Your task: Your answer must be an exact copy of the records below, minus the pictures.

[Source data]
════

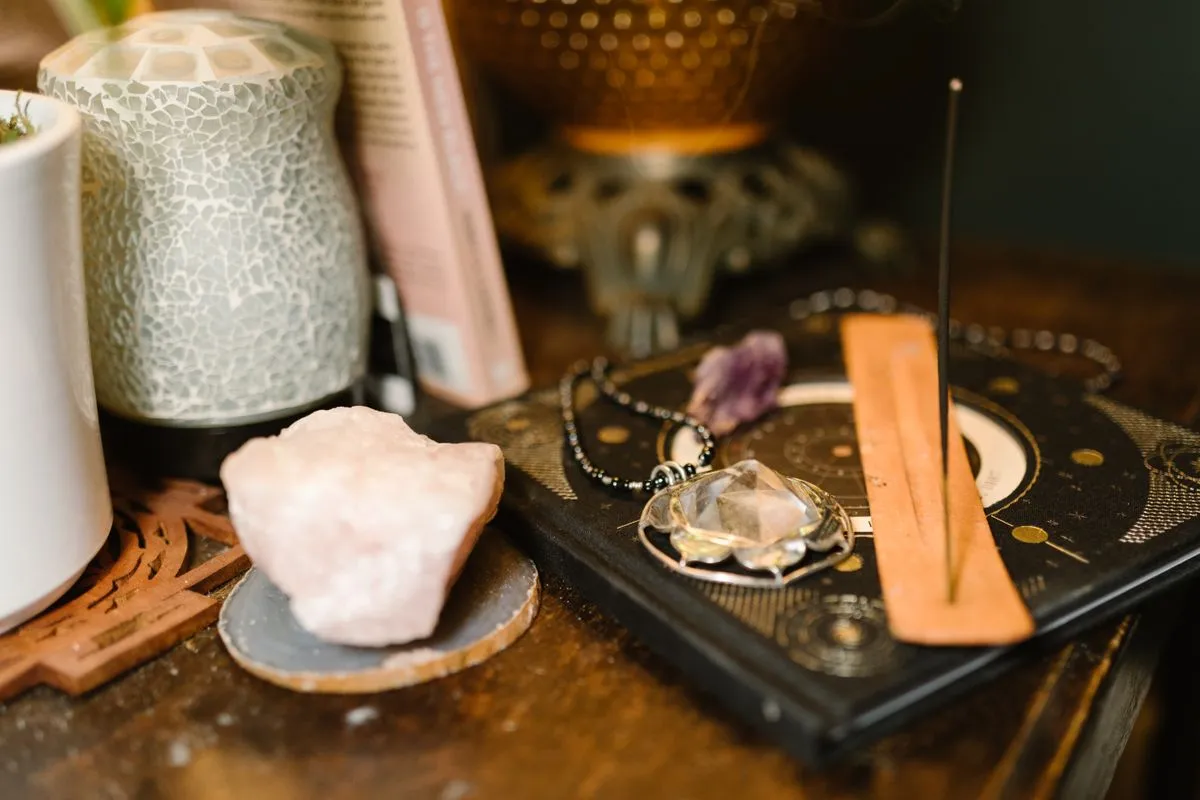 Astrology items including incense and crystals arranged on a wooden surface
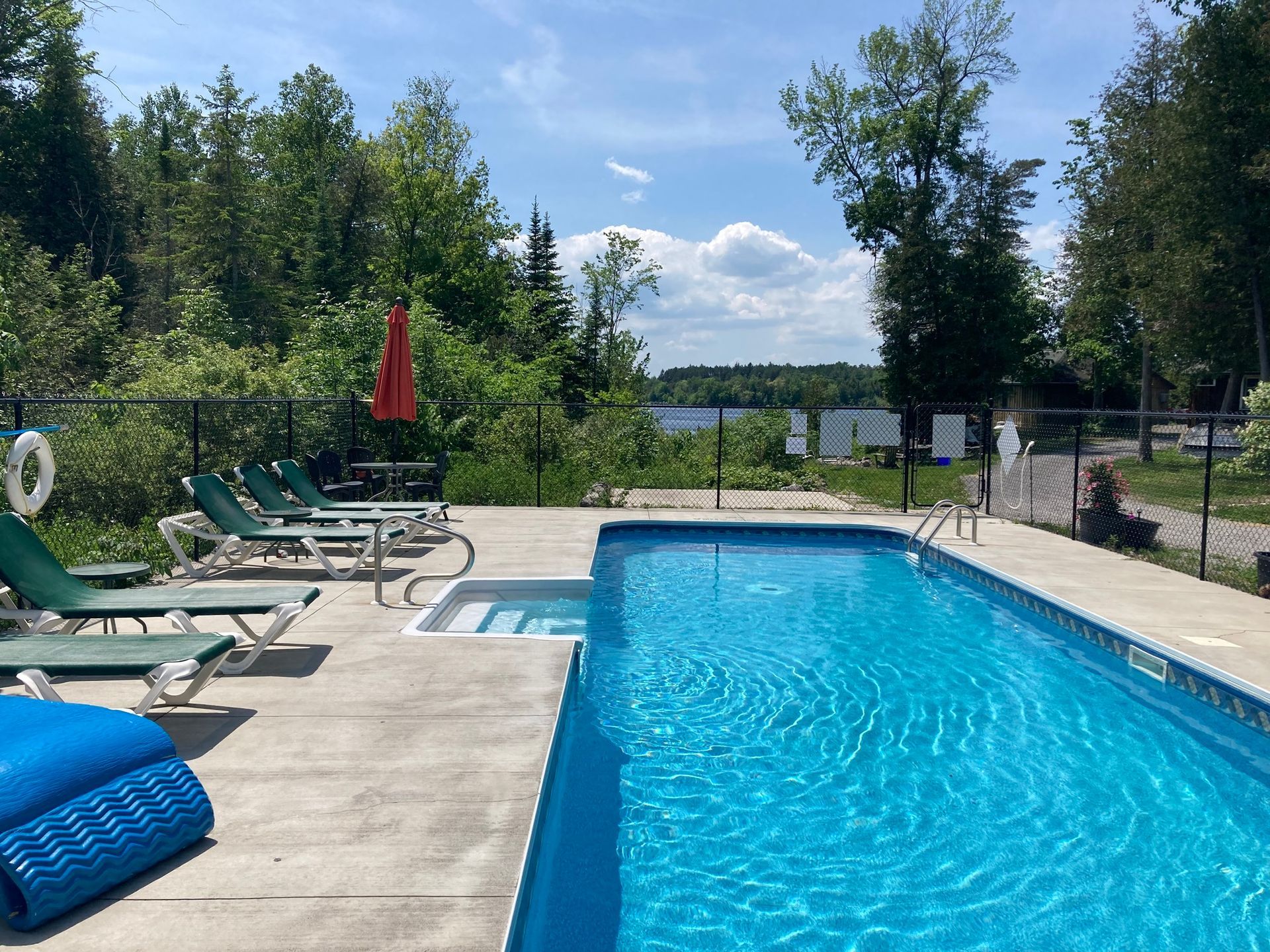 A large swimming pool with chairs and umbrellas around it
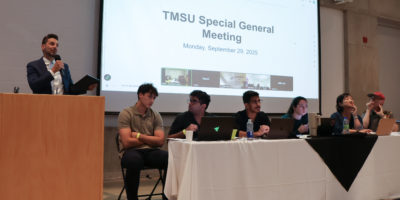 Photo of six people sitting at a white table in front of a powerpoint on a large screen that says "TMSU Special General Meeting."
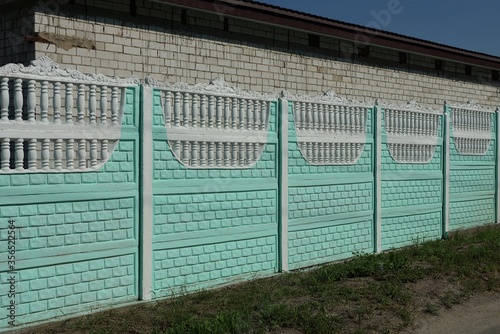 white green wall of concrete fence on a rural street on a sunny day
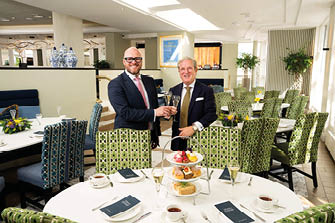 Two adults in suits are smiling and clinking glasses while standing behind a table set with teacups, plates, and a tiered tray of pastries in a bright, elegantly decorated dining room. Description generated by AI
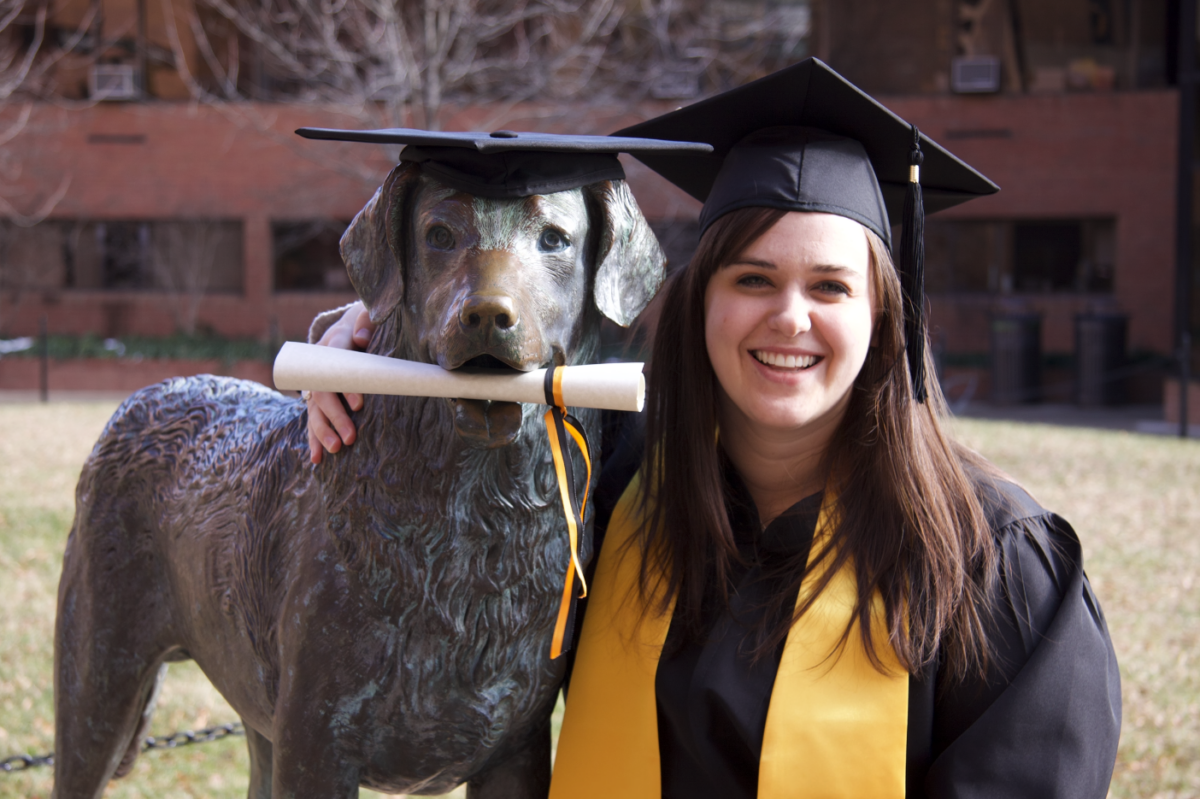 A woman in graduation regalia poses with a chesapeake bay retriever statue with a diploma in it's mouth.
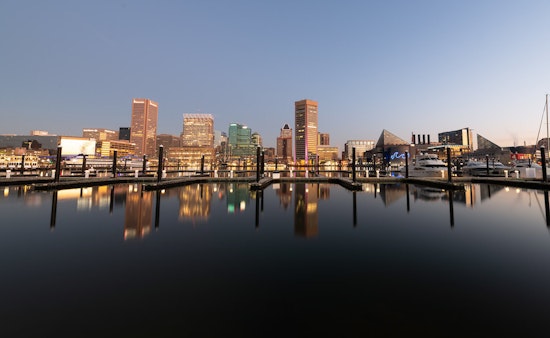 Top Baltimore community news: Boxing champ hosts backpack giveaway; public housing gets recycling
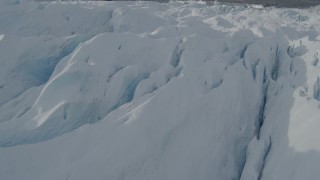 4K aerial stock footage flying over snow covered surface of the Tazlina Glacier, Alaska Aerial Stock Footage | AK0001_0934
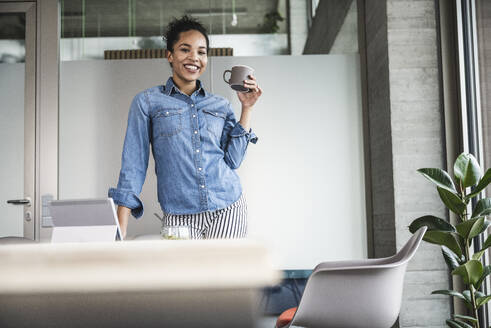 Lächelnde Geschäftsfrau mit Kaffeetasse im Büro - UUF25432
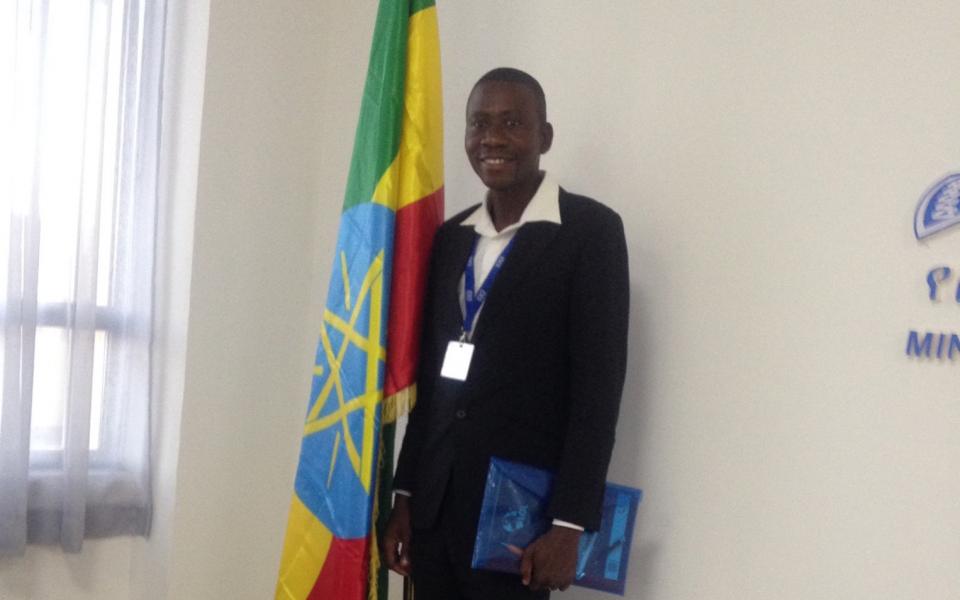 Photo: Geoffrey stands next to a flag, at the KAICIID Training in Addis Ababa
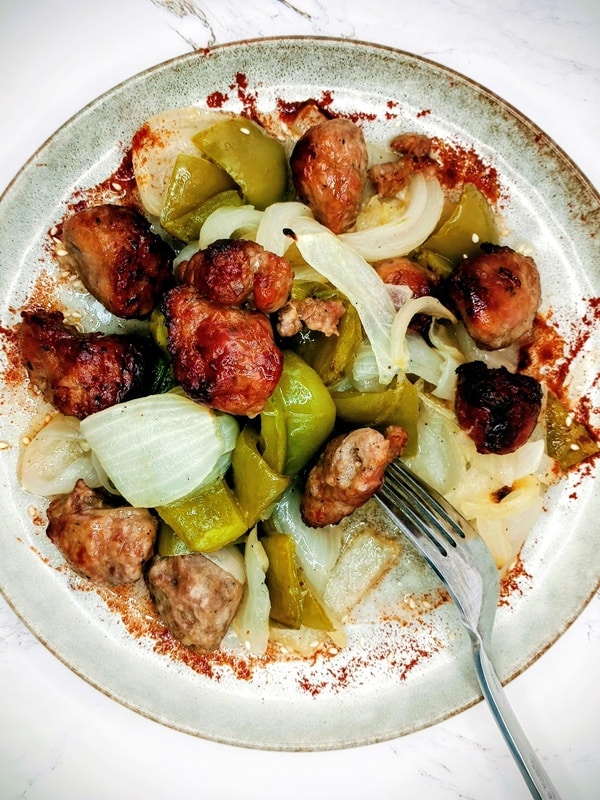 Italian sausage sheet pan dinner plate with fork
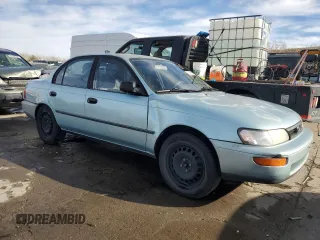 1994 Toyota Corolla Deluxe with VIN JT2AE09B4R0067104, listed as a Copart auction lot 83565064 with 207,923 mi miles and Salvage title. Bid and sale history available at DreamBid. Image 4.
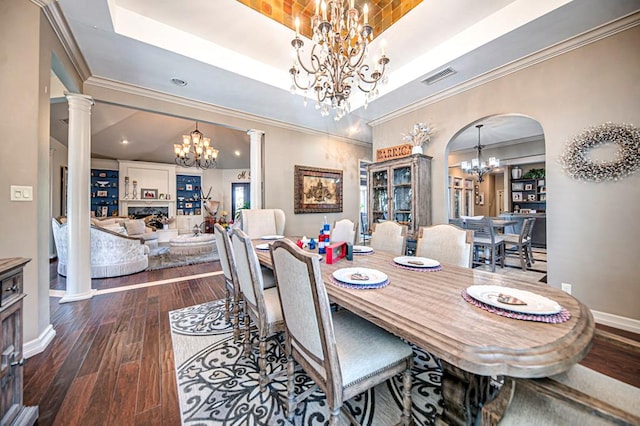 dining space featuring ornate columns, a raised ceiling, and a notable chandelier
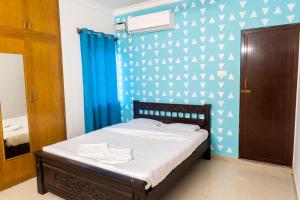 Un dormitorio con una cama con una pared azul y blanca en Fiji Villa, en Pondicherry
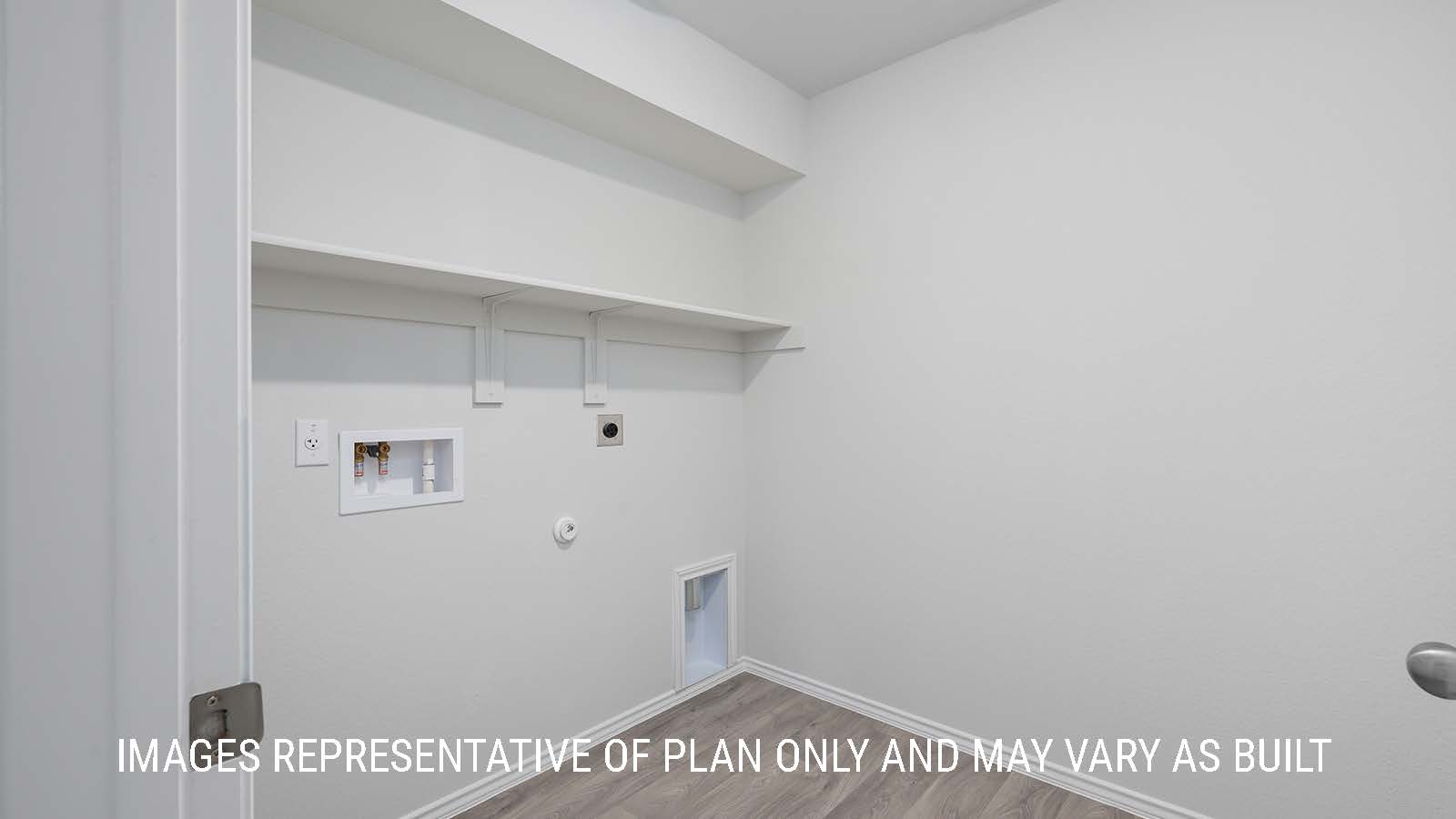 Texas Cali utility room with shelving and washer and dryer connections.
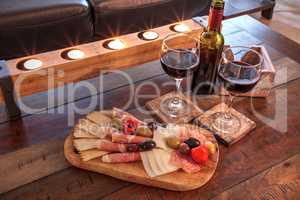 Red wine with Charcuterie board on rustic wood with candles behi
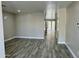 Spacious living room features wood-style floors and neutral color palette at 3707 W Carter Rd, Phoenix, AZ 85041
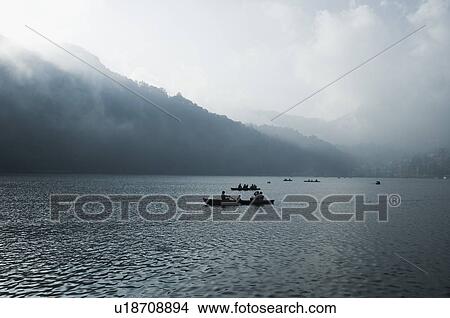 Boats in a lake View Large Photo Image Picture - Boats in a lake. Fotosearch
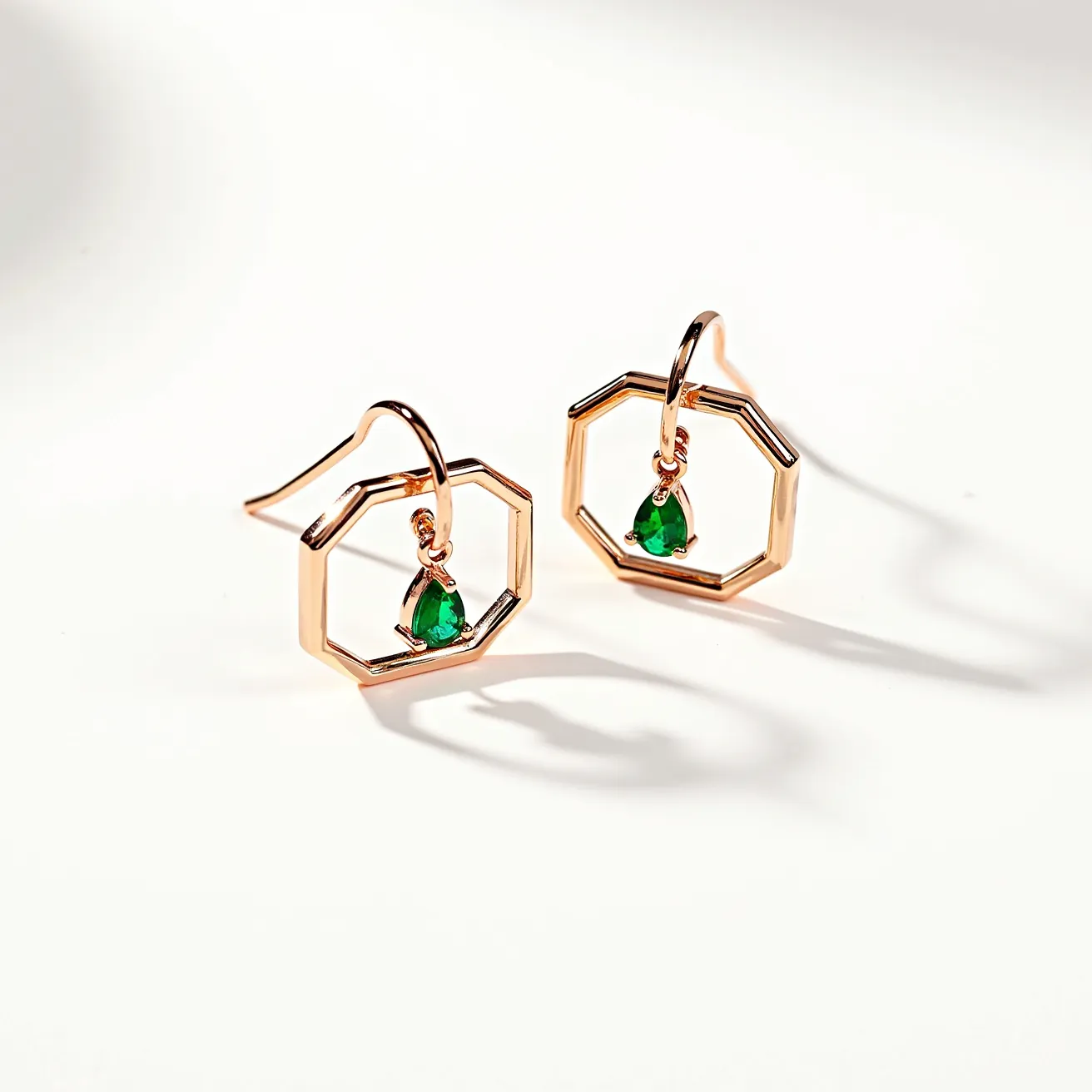 These circle earrings are elegantly crafted with a geometric octagonal shape, featuring a gold-toned metal as the primary material. Each earring is adorned with a vibrant green gemstone, cut in a teardrop shape and securely held in place with a discrete three-prong setting. The earrings are designed with a simple, curved hook clasp, allowing for easy and comfortable attachment. The combination of the gold tone and the green stone creates a striking and sophisticated aesthetic.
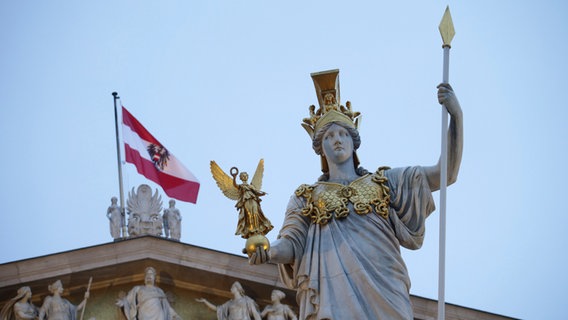 Ein Blick auf die Statue der griechischen Göttin der Weisheit, Pallas Athene, vor einer österreichischen Flagge auf dem österreichischen Parlament. © dpa Foto: Heinz-Peter Bader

════

Problem solution:
 Astrology items including incense and crystals arranged on a wooden surface
 A large swimming pool with chairs and umbrellas around it
 Photo of six people sitting at a white table in front of a powerpoint on a large screen that says "TMSU Special General Meeting."
 white green wall of concrete fence on a rural street on a sunny day
 Two adults in suits are smiling and clinking glasses while standing behind a table set with teacups, plates, and a tiered tray of pastries in a bright, elegantly decorated dining room. Description generated by AI
 A woman in graduation regalia poses with a chesapeake bay retriever statue with a diploma in it's mouth.
 Top Baltimore community news: Boxing champ hosts backpack giveaway; public housing gets recycling
 4K aerial stock footage flying over snow covered surface of the Tazlina Glacier, Alaska Aerial Stock Footage | AK0001_0934
 Lächelnde Geschäftsfrau mit Kaffeetasse im Büro - UUF25432
 Photo: Geoffrey stands next to a flag, at the KAICIID Training in Addis Ababa
 Italian sausage sheet pan dinner plate with fork
 1994 Toyota Corolla Deluxe with VIN JT2AE09B4R0067104, listed as a Copart auction lot 83565064 with 207,923 mi miles and Salvage title. Bid and sale history available at DreamBid. Image 4.
 dining space featuring ornate columns, a raised ceiling, and a notable chandelier
 Un dormitorio con una cama con una pared azul y blanca en Fiji Villa, en Pondicherry
 Texas Cali utility room with shelving and washer and dryer connections.
 Red wine with Charcuterie board on rustic wood with candles behi
 Spacious living room features wood-style floors and neutral color palette at 3707 W Carter Rd, Phoenix, AZ 85041
 Boats in a lake View Large Photo Image Picture - Boats in a lake. Fotosearch
 These circle earrings are elegantly crafted with a geometric octagonal shape, featuring a gold-toned metal as the primary material. Each earring is adorned with a vibrant green gemstone, cut in a teardrop shape and securely held in place with a discrete three-prong setting. The earrings are designed with a simple, curved hook clasp, allowing for easy and comfortable attachment. The combination of the gold tone and the green stone creates a striking and sophisticated aesthetic.
 Ein Blick auf die Statue der griechischen Göttin der Weisheit, Pallas Athene, vor einer österreichischen Flagge auf dem österreichischen Parlament. © dpa Foto: Heinz-Peter Bader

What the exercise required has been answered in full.